10th April 2012, 05:45 PM #5
As basher says, pumping pumping and doing everything possible to maintain forward motion and keep the board above water, whilst absolutely refusing to go down no matter wot happens! Ride the bull!
do this long enough, and eventually there'll be gap in the waves or a puff of wind. I've gotten quite sensitive to knowing when this moment happens, and then I hang off that boom and point the power through the toes, and actually tighten basically all muscles in my whole body and bear in the right direction and get planing. I sometimes bear off loads, almost like going downwind - but this is usually to plane past a breaking wave and squeak over the unbroken downwind shoulder. after doing this you are usually flying, so you can turn back upwind, sheet in, and go for it. The bearing off bit is only when planing already though.
Another approach that works very well when it works, is to start in very shallow water with a runup - basically start planing and never stop planing. You need a big enough sail though, this approach unfortunately doesn't work all that often.

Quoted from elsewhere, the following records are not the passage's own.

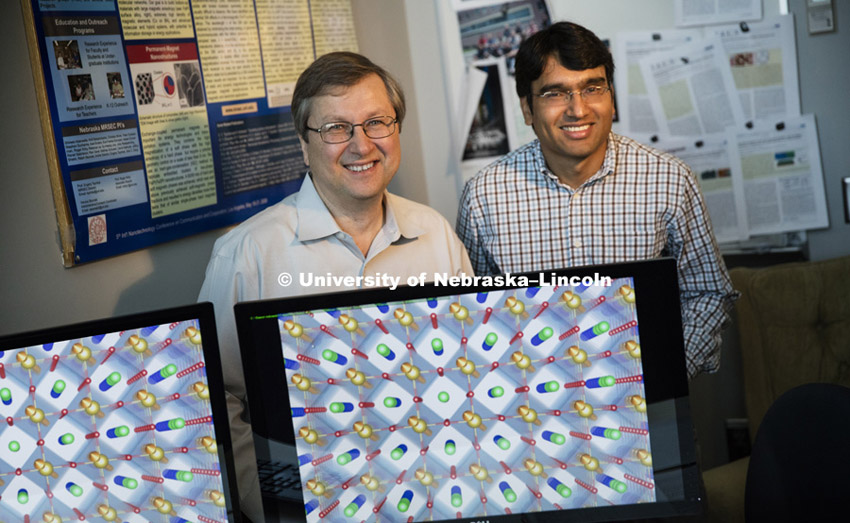 Evgeny Tsymbal and Tula R. Paudel pose in a Jorgensen Hall office. On screen is a schematic representation of an atomic structure of the system they studied. It is a top view of the surface, so that in depth they see atomic layers. Arrows indicate magnetism which has been experimentally observed by colleagues and theoretically predicted by them. July 29, 2015. Photo by Craig Chandler/University Communications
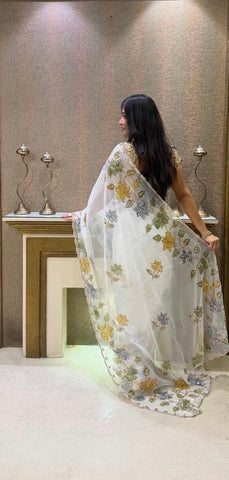 Elegant white organza saree with floral sequence work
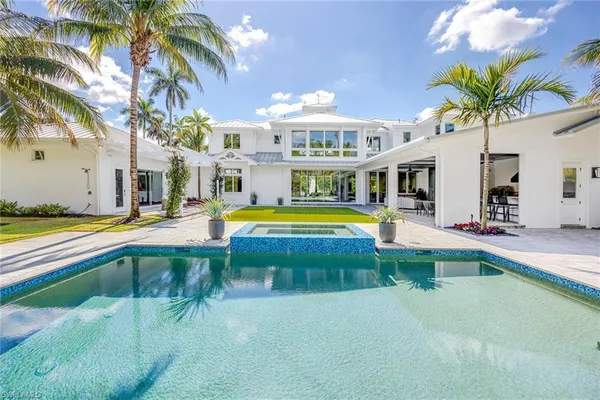 a swimming pool with outdoor seating and yard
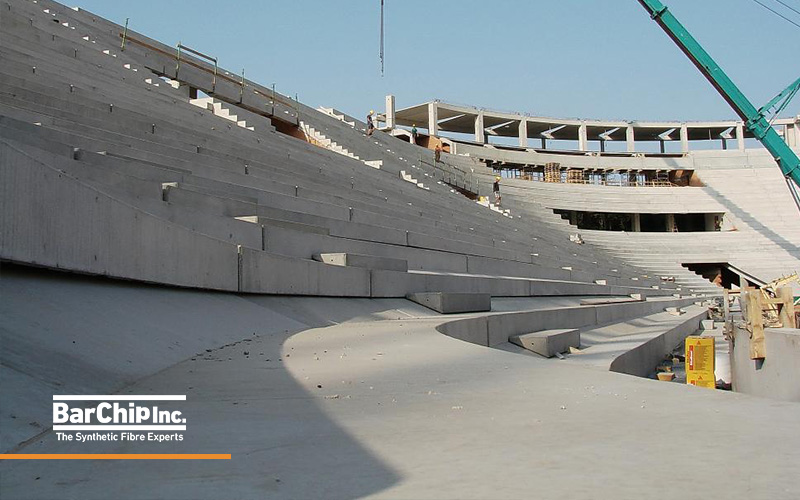 Prestressed precast concrete seating bowl under construction at Debrecen Stadium.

Finally - damage control. Whatever approach I use, if I am not planing and not making progress and getting deeper than waist deep, do an aborted slam gybe/fielding or whatever measn of jumping off the board is easiest, flick the rig, push hard off sand (to momentarily stop body and board from moving with rip), waterstart and pinch back up to where you started and try again. Sometimes I lose only 20 foot of ground doing this, and I might do it 3 or 4 times over.. but it's never more than a few times before the wind is there and everything goes right and you find yourself planing out and wondering why it seemed so tricky before. Doing this abortion technique is much less tiresome than struggling for ages, then having a long walk. Abort early though - if you abort in water too deep to get a foothold to steady your body + kit against rip, then you'll struggle to waterstart while going wreckwards like a train. Or if your Fielding is clumsy and you don't keep the rig flying/rotate it dry and it ends up in the water, then you've a 50 yard downwinder rig wrestle to perform and you lose energy and lots of ground.
I do like the quick in/quick out strategy, its really worked for me.* -Scourge of the Seven Seas-*
- Discontinued :-)
10th April 2012, 05:57 PM #6
hee, hee, excellent local knowledge... all the Camber 'fail' scenarios sound horribly familiar!

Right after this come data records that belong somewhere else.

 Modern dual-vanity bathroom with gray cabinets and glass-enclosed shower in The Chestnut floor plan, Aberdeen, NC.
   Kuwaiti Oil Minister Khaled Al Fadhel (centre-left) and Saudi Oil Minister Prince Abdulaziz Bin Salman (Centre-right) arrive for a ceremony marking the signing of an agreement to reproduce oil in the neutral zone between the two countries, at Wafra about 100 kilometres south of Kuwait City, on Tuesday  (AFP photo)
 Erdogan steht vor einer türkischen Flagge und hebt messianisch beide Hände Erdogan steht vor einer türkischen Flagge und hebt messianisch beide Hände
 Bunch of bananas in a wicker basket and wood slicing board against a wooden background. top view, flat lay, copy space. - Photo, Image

think I'm nowhere near aggressive or tactical enough... not to mention pretty crap at pumping and in awe of the running-beach-start technique that the locals seem to perform with ease, when I can barely get the board to point in the right direction
almost looking forward to next time now
10th April 2012, 05:59 PM #7
Another thing that flummoxed me early on, was trying to beach start with the rip always seemingly ensuring the back of the board is as far away from me as possibly.
So my technique when faced with that situation, is to use mast foot pressure to move the board upwind (press down with back hand, up+towards chest with front hand, and then actually push the boom to the right with both hands). If done quickly this makes the riderless board ride (for a few feet) on top of the water. When the board has gotten to this upwind point, I very quickly take a step or 3 forward. Stepping forward makes the mast foot push the boards nose forward, while the fin comes towards you (actually you move towards it, not it to you, but its all relative). So now your board is slightly upwind of you and angles 45ish degrees, nose away from you - a vast improvement. Anyway now that the board is in this position, I do the opposite thing as I did in step 1 - use MFP to bear the nose off. Push with front hand, extending arm, pull with back hand. If you can continue to step forwrds while doing this, all the better. The action of doing this brings the nose back around so its pointing out to sea. Now your tail is right near you and the board is pointing the right way - hop on and start pumping!
Note - all these movements have to be done really quickly as they rely on the board 'planing' on top of the water and pivoting the board rotation around the fin.